JSON Parsing

I have huge(>30MB) JSON files (hierarchical) that i need to grab and parse them into IData. I grab the JSON files via. REST’ful calls from Amazon S3.

wM 9.5 has got some JSON parsing methods but not the large document handling methods (like we do with XML iterators)… can i get any insights if any body has done it before? Thanks.

May be you can convert to xml and go further -

JSONObject json = new JSONObject(str);
String xml = XML.toString(json)

I’ve to load the entire jSON file to my memory to convert to an XML. It would scale up my idata and memory.

May be in your case Terracotta bigmemory is the best bet for you that can handle large chunks in the In memory?

Hi Srinivas,

How did you handled large json file?

Converting to XML is not the way to go at all. It may seem like it is an easy one-for-one translation but there are several edge cases that will mess things up.

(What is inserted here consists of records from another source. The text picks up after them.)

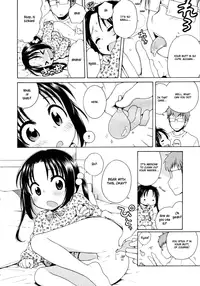 [Inuboshi] Tsukimisou no Akari | The Light of Tsukimi Manor Ch. 1-6 [English] [Hayama_Kotono]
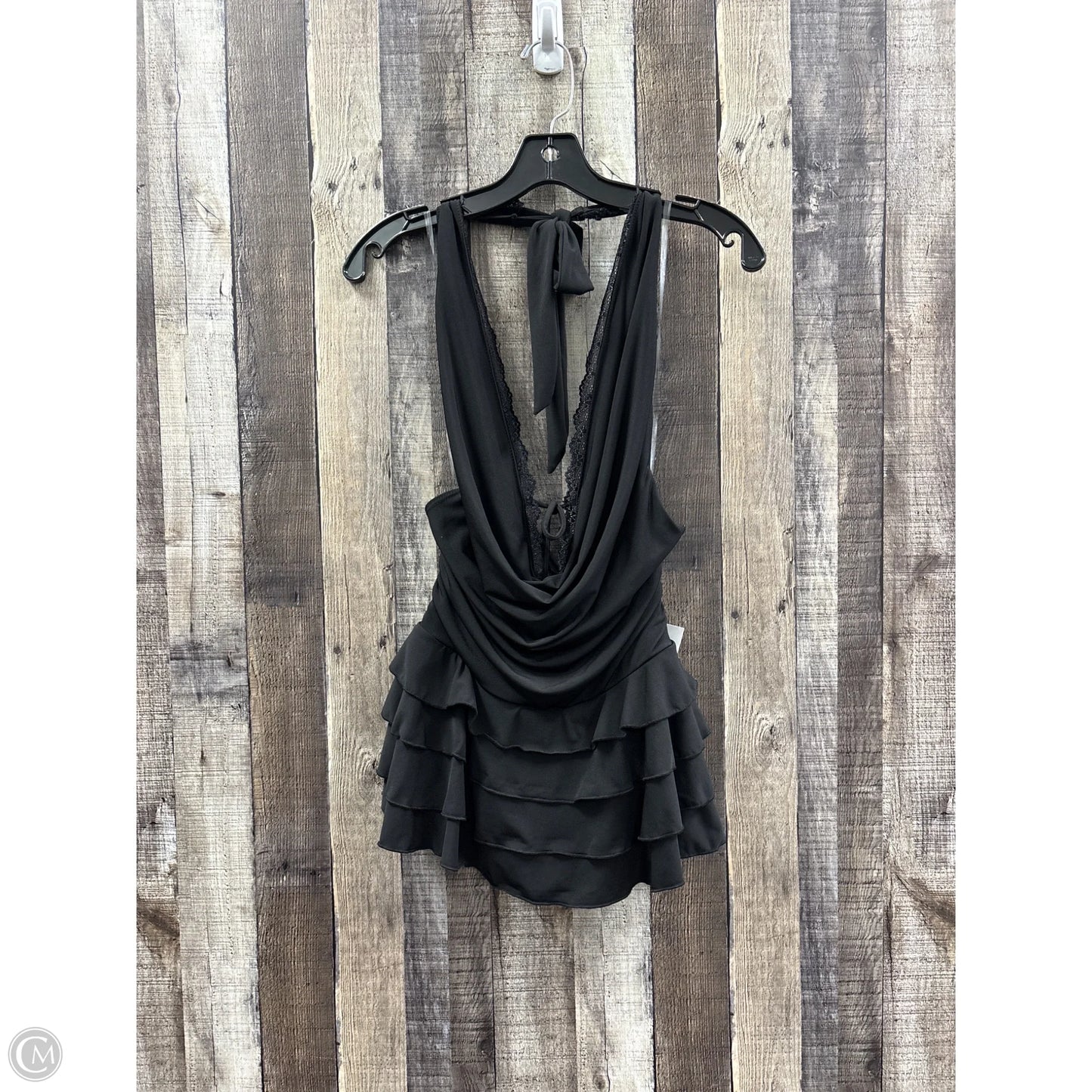 Dress Party Short By Windsor In Black, Size: S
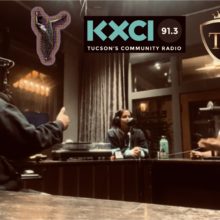 Rebroadcast: “Black History In the Making” from Takeover Lounge, Black Renaissance, and KXCI
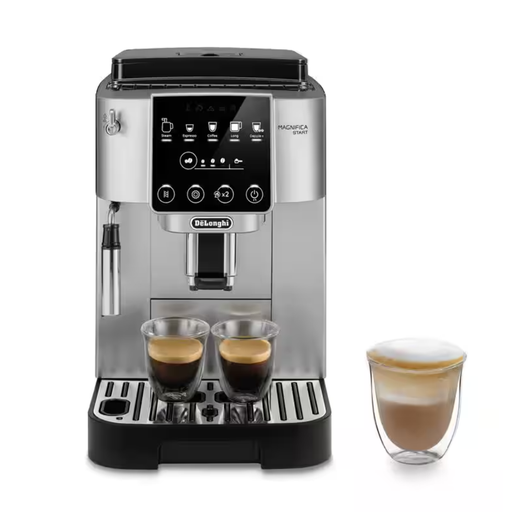 DELONGHI MAGNIFICA START BEAN TO CUP ECA De’Longhi
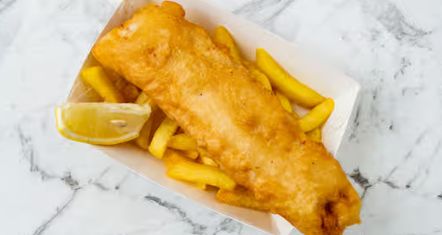 Fish & Chips Pack Deals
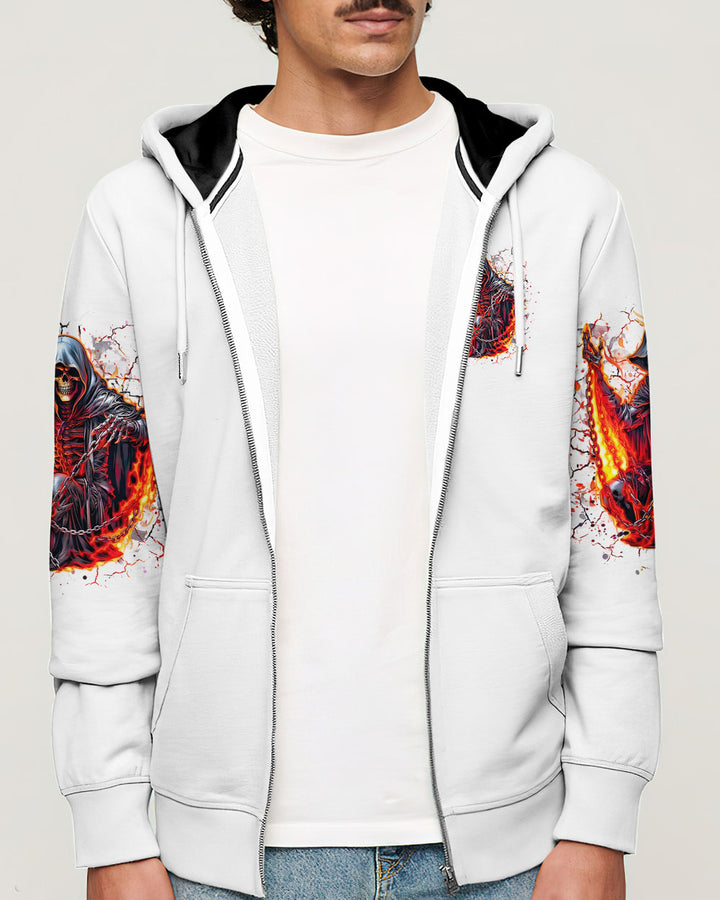 IN DER HÖLLE VOLLSTÄNDIGER DRUCK - YHHN2710253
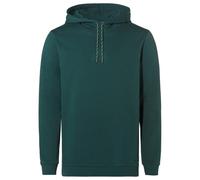 Vaude - Manukau Hoody III - Hoodie size XXL, blue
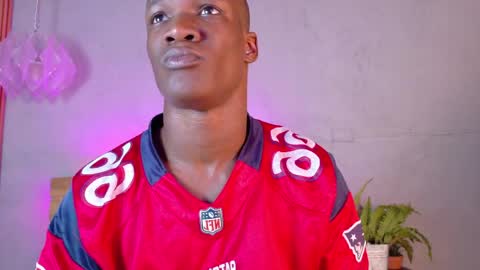 Martin online show from April 14, 7:20 pm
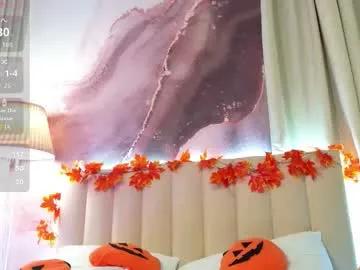 Freechat ritaverginia on Chaturbate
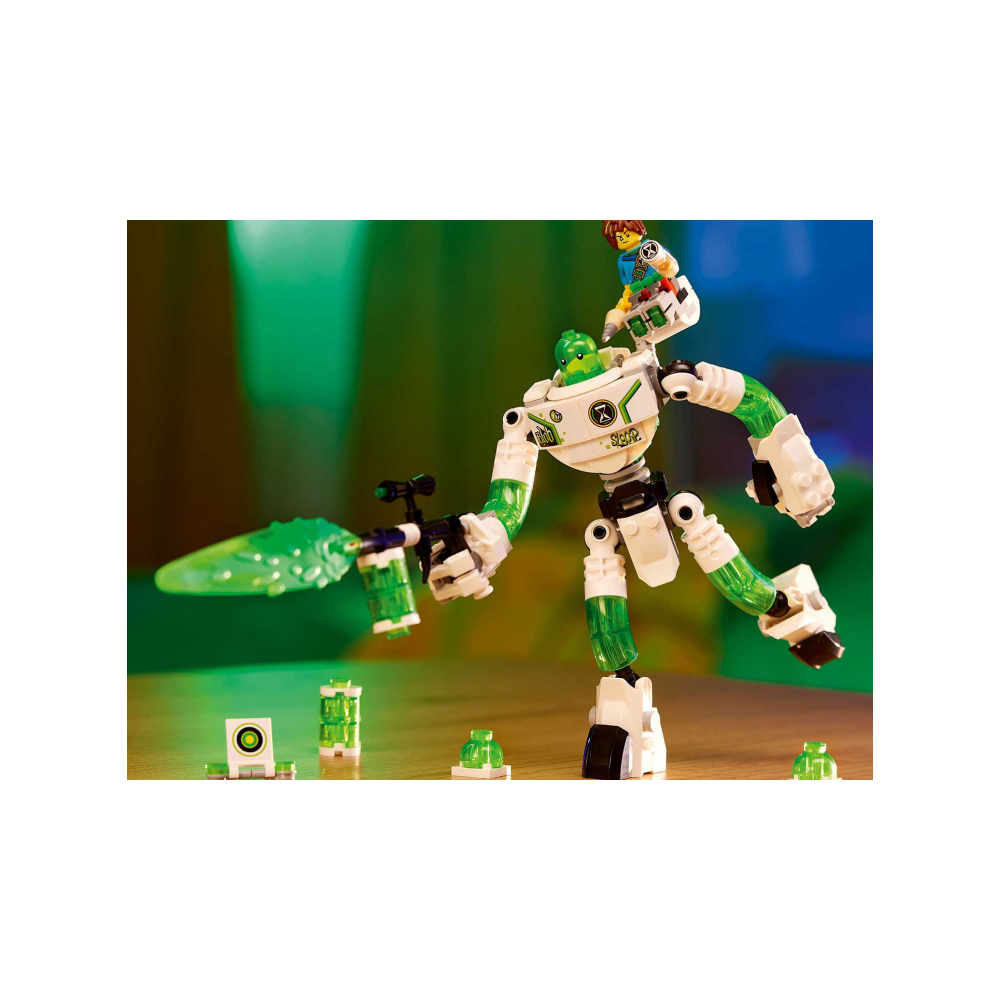 Конструктор LEGO DREAMZzz 878 дет. - фото 5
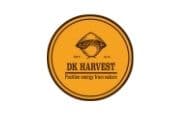 DK Harvest Logo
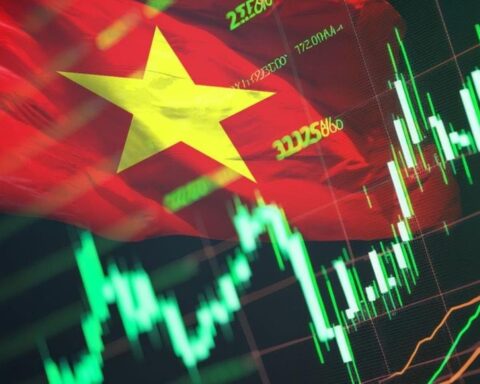 Chính thức: Việt Nam có hơn 13 triệu tài khoản chứng khoán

You’ll likely want to leverage an existing library of some sort, like GSON or Jackson, and plug that into the IS environment, creating your own JSON handling package, so that the processing of the data is similar to what is done with XML node iteration.

I did something similar for delimited files, where a file was opened and read in chunks at a time, creating a max list of IS documents/records per the caller’s inputs. E.g. get 10 records at a time. For delimited files, it was pretty straight forward to hook into the built-in flat file services. Doing the same with JSON will be bit more involved as you’ll likely need to deal with nested objects – so how to determine that you have “complete record” can be challenging.

But the open-source libraries may be able to help with that.

Of course the downside of this is incorporating such libraries often has a “balloon” effect where you end up with more stuff than is needed/desired.

1 Like